ASU English adds 8 core faculty to help shape ‘humane communities’
This fall, the Department of English at Arizona State University is getting another upgrade, and this time it’s personal. Rather, personnel.
It’s been a year since one of the largest units at ASU moved into its newly refurbished home in Ross-Blakley Hall, under the new leadership of chair Krista Ratcliffe. The new space has enabled additional collaborations and outreach within English’s six degree programs: creative writing; secondary education; film and media studies; linguistics and applied linguistics; literature; and writing, rhetorics and literacies.
Recognizing that you can’t do good work without good people, English is adding more celebrated scholars to its ranks. The department welcomes eight new faculty members whose varied specialties include study of augmented realities, hybrid fiction, aesthetics in horror films, literary linguistics, indigenous languages, African-American autobiography, Shakespeare and race, monster theory, social media and digital humanities.

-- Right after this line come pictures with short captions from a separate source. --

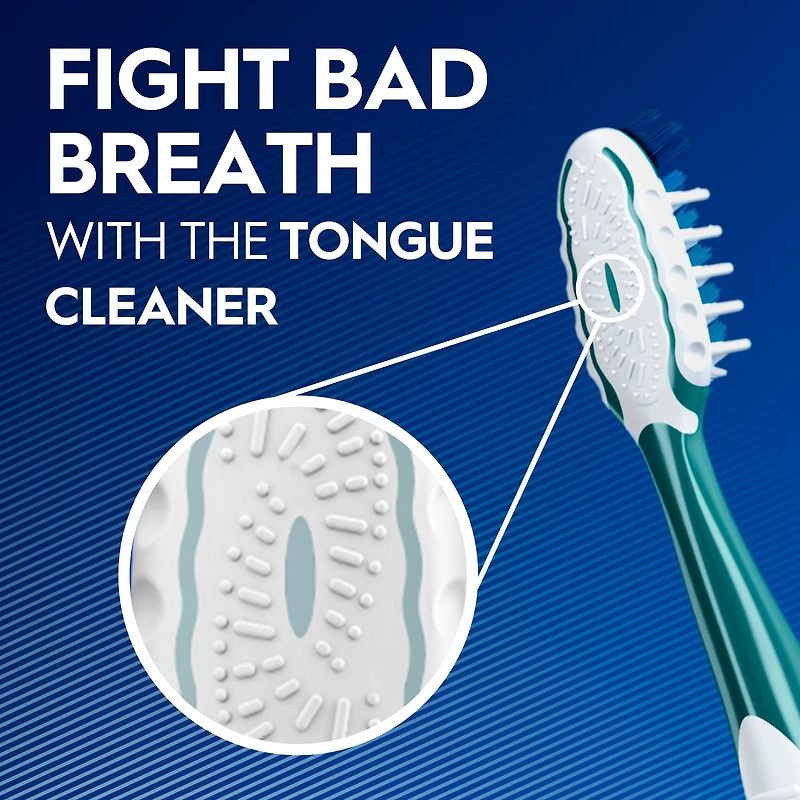 Brosse à dents Oral-B Pro-Santé Tout-en-un, souple 1 unité 40 souple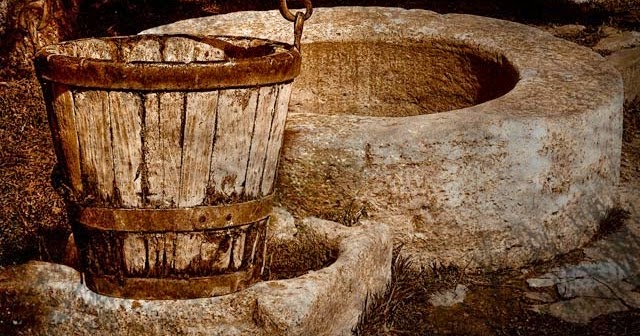 The Writer s Pen The Woman At The Well The Waiting And The Well The Writer s Pen The Woman At The Well The Waiting And The Well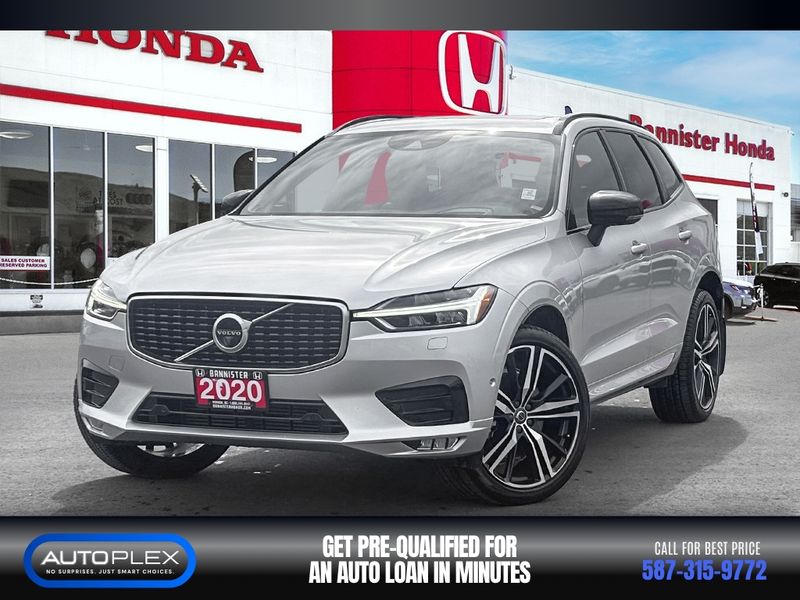 2020 Volvo XC60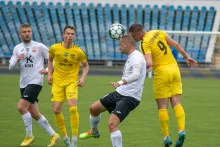 Представляємо суперника: СК «Полтава»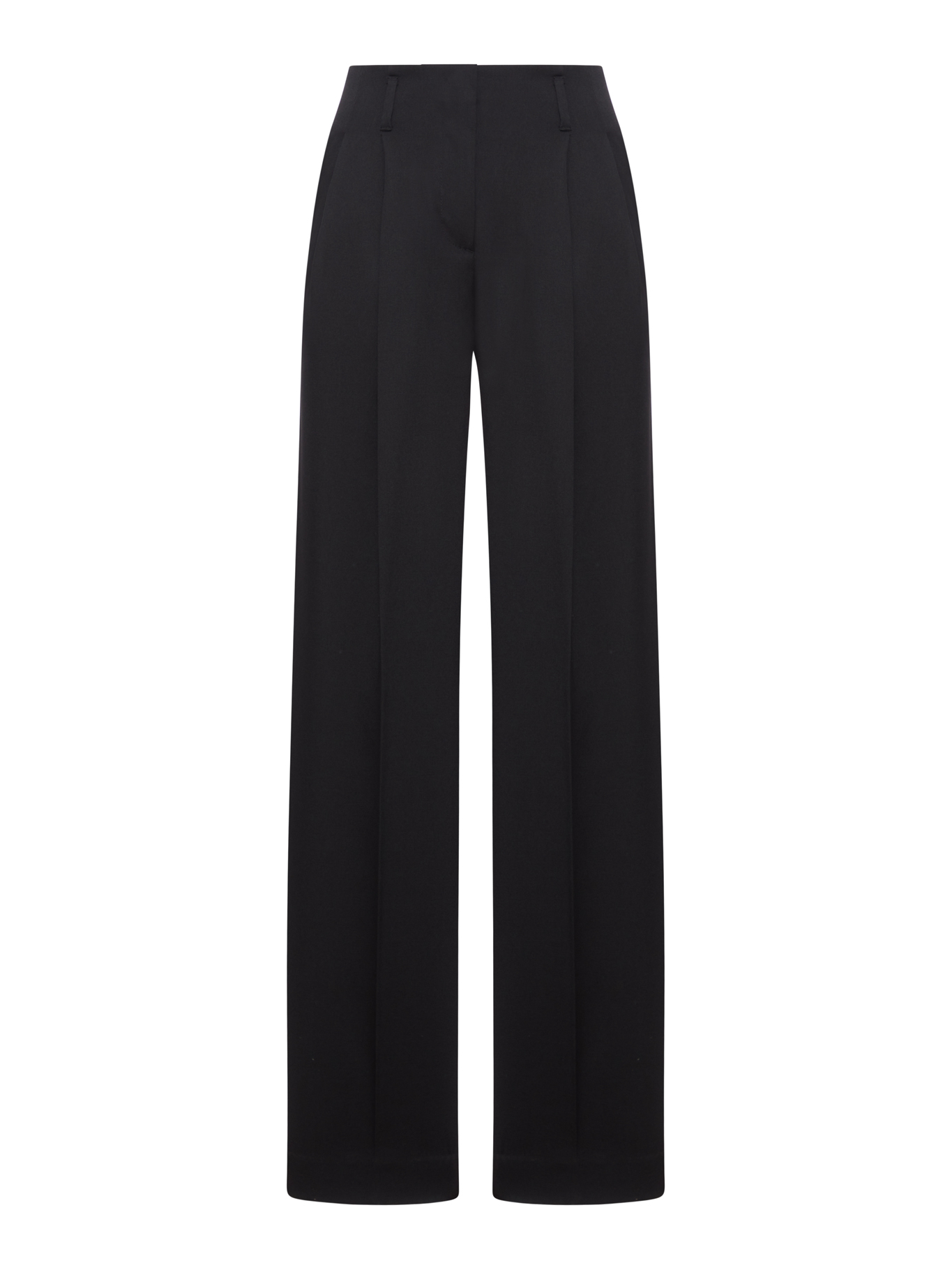 [GOLDEN GOOSE DELUXE BRAND] Trousers FW26 GWP01203P00154690100 BLACK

“The Department of English is absolutely delighted to welcome our new colleagues, whose work reflects ASU’s dual commitment to both excellence and access,” said Ratcliffe. “We’re particularly excited because their public-facing research and teaching invite undergraduate and graduate students to participate in ways that will benefit local and scholarly communities.”
English has made it its mission to explore not just local, but global expressions of the English language in all media. In doing so, it has positioned itself to attract both established and emerging scholars — with top-notch teaching credentials and impactful research portfolios — from diverse disciplines.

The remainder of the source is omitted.